Starting in 2012, actors of color started showing up on the show and as time went on the numbers increased markedly. In fact, I noticed that in the latest season just ended some shows had almost every couple be of mixed ethnicity. It does not seem to have affected the series’s popularity as far as I can tell.

I think that most people who watch TV shows and films (apart from the stone-cold bigots) do not really care if they are seeing mixed-ethnicity or same-sex couples or anything else outside the spectrum of what used to be shown a couple of decades or more ago. If you have good writing, good acting, and good production values, all these other things simply do not matter.

Comments

  1. sonofrojblake says

    Sure, why not? Let’s have some Native Americans on the parish council, and make the Rotary Club chairman an Australian Aborigine. Any connection the show has to reality is entirely pointless given the outlandish plots, after all, so as long as the writing is good, accurately reflecting the real, factually verifiable ethnic makeup of England outside towns and cities is just bigoted. Possibly.
    This kind of thing happens because the people making the shows exclusively live, work and socialise in ethnically diverse cities. They often seem to struggle with the concept that there are areas the size of whole counties in England where a lot of residents pretty much only see brown people on TV. I worry that the disconnect between the metropolitan “opinion makers” and the people with the opinions -- voters -- its hat has given us the disaster of brexit and five more years of Tory government.

  2. says

    sonofrojblake @#1

    This kind of thing happens because the people making the shows exclusively live, work and socialise in ethnically diverse cities. They often seem to struggle with the concept that there are areas the size of whole counties in England where a lot of residents pretty much only see brown people on TV.

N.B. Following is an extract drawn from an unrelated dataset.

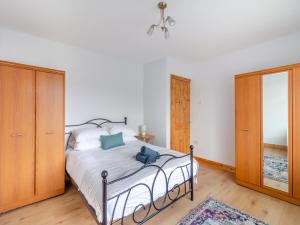 a bedroom with a bed and a dresser and a mirror at Ty Cwtch in Seven Sisters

    Assuming that there actually exist Britons who see people of color only in TV, it follows that there should be as many non-white, non-cis, and non-straight movie heroes as possible. This way bigoted assholes might for the first time in their lives get exposes to the idea that the overwhelming majority of humans on this planet are not white, straight, cis people. After realizing this fact and seeing non-white actors in positive roles on TV screens, they might finally figure out that segregating people according to their race is a stupid idea.

    And, yes, I am perfectly happy with Native American and Australian Aborigine actors in British movies. I have no doubt that it would be possible to invent some plausible excuse why one of them could be living in the UK. After all, humans can easily travel nowadays. Maybe some British person went to the Australia for university studies, married an Aborigine there, and now the couple lives in Britain? I can easily cook up some excuse, people who write scripts for movies could no doubt do it as well.

  3. Holms says

    Assuming that there actually exist Britons who see people of color only in TV, it follows that there should be as many non-white, non-cis, and non-straight movie heroes as possible. This way bigoted assholes might…

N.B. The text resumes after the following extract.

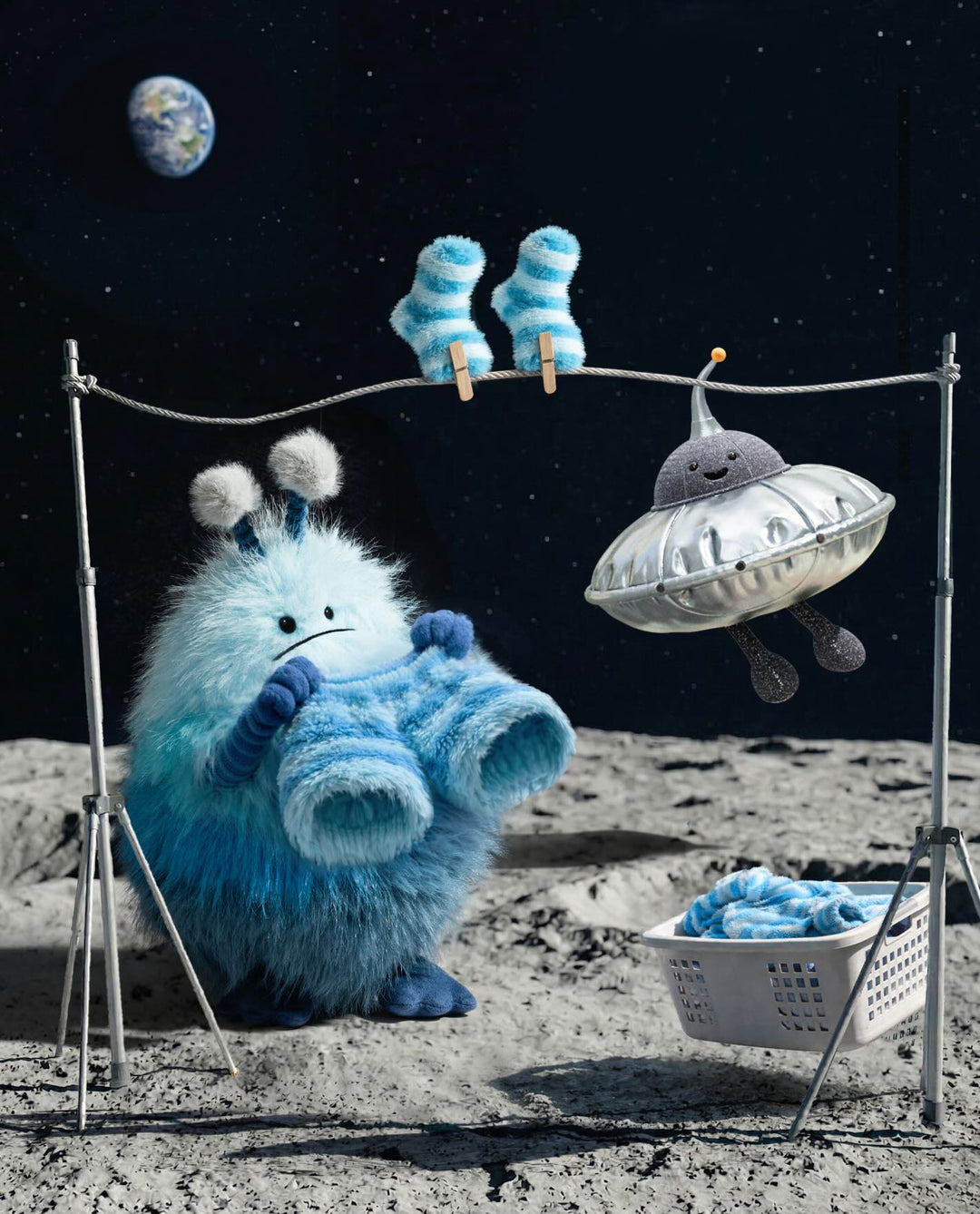 Blue creature on the moon with a laundry basket, space ship, and clothes on a line.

    In which white people in rural English villages are “bigoted assholes”. Precisely the sneering contempt sonof was talking about.

  4. says

    Maybe some British person went to the Australia for university studies, married an Aborigine there, and now the couple lives in Britain?

    Professors at British universities do field research all over the world. All you have to do is go to a local university and handle some of your professor’s communication with a fellow researcher somewhere else in the world. At the other end can be another student handling their professor’s communication. You get to know each other a bit, don’t even fall in love or anything, just get to know each other a bit and talk about each other’s universities. One finds out something about the other’s school’s programs that they wouldn’t otherwise and decide to do a year there. The host, whoever that is, naturally performs the part of a welcoming committee. The student gets a good impression of the other’s country and as a result of all this, the one not from the UK moves to the UK -- no fucking or marriage required. Just the kind of normal, international communication that happens all the time. Swap in bank for uni or whatever and you can get a similar connection in lots of different ways.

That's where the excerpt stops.